The selling stockholder may also engage in short sales against the box, puts and calls and other transactions in our securities or derivatives of our securities and may sell or deliver shares in connection with these trades.
Broker-dealers engaged by the selling stockholder may arrange for other broker-dealers to participate in sales. Broker-dealers may receive commissions or discounts from the selling stockholder (or, if any broker-dealer acts as agent for the purchaser of shares, from the purchaser) in amounts to be negotiated. The selling stockholder does not expect these commissions and discounts to exceed what is customary in the types of transactions involved. Any profits on the resale of shares of common stock by a broker-dealer acting as principal might be deemed to be underwriting discounts or commissions under the Securities Act. Discounts, concessions, commissions and similar selling expenses, if any, attributable to the sale of shares will be borne by a selling stockholder. The selling stockholder may agree to indemnify any agent, dealer or broker-dealer that participates in transactions involving sales of the shares if liabilities are imposed on that person under the Securities Act.

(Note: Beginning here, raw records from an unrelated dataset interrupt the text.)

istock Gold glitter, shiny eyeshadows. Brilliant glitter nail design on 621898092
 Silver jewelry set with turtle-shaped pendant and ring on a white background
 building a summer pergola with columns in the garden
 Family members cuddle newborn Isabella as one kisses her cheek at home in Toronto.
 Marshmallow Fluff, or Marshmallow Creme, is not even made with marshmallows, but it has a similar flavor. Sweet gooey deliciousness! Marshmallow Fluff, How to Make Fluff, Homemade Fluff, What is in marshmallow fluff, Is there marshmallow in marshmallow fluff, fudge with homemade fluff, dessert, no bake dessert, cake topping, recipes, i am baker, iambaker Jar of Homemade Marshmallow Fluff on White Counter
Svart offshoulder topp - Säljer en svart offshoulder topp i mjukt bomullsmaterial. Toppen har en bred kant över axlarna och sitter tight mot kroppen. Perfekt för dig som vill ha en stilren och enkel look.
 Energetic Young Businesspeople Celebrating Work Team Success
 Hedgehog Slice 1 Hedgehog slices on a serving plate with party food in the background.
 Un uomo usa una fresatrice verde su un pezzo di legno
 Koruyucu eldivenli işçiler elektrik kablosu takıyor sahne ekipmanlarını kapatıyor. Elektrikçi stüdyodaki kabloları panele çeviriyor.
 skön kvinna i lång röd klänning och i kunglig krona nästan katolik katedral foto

In connection with the sale of our common stock or interests therein, the selling stockholder may enter into hedging transactions with broker-dealers or other financial institutions, which may in turn engage in short sales of the common stock in the course of hedging the positions they assume. The selling stockholder may also sell shares of our common stock short and deliver these securities to close out their short positions, or loan or pledge the common stock to broker-dealers that in turn may sell these securities. The selling stockholder may also enter into option or other transactions with broker-dealers or other financial institutions or the creation of one or more derivative securities which require the delivery to such broker-dealer or other financial institution of shares offered by this prospectus, which shares such broker-dealer or other financial institution may resell pursuant to this prospectus (as supplemented or amended to reflect such transaction).
The selling stockholder may from time to time pledge or grant a security interest in some or all of the shares of common stock owned by them and, if they default in the performance of their secured obligations, the pledgees or secured parties may offer and sell the shares of common stock from time to time under this prospectus after we have filed an amendment to this prospectus under Rule 424(b)(3) or other applicable provision of the Securities Act of 1933 amending the list of selling stockholders to include the pledgee, transferee or other successors in interest as selling stockholders under this prospectus.
The selling stockholder also may transfer the shares of common stock in other circumstances, in which case the transferees, pledgees or other successors in interest will be the selling beneficial owners for purposes of this prospectus and may sell the shares of common stock from time to time under this prospectus after we have filed an amendment to this prospectus under Rule 424(b)(3) or other applicable provision of the Securities Act amending the list of selling stockholders to include the pledgee, transferee or other successors in interest as selling stockholders under this prospectus. The selling stockholder also may transfer and donate the shares of common stock in other circumstances in which case the transferees, donees, pledgees or other successors in interest will be the selling beneficial owners for purposes of this prospectus.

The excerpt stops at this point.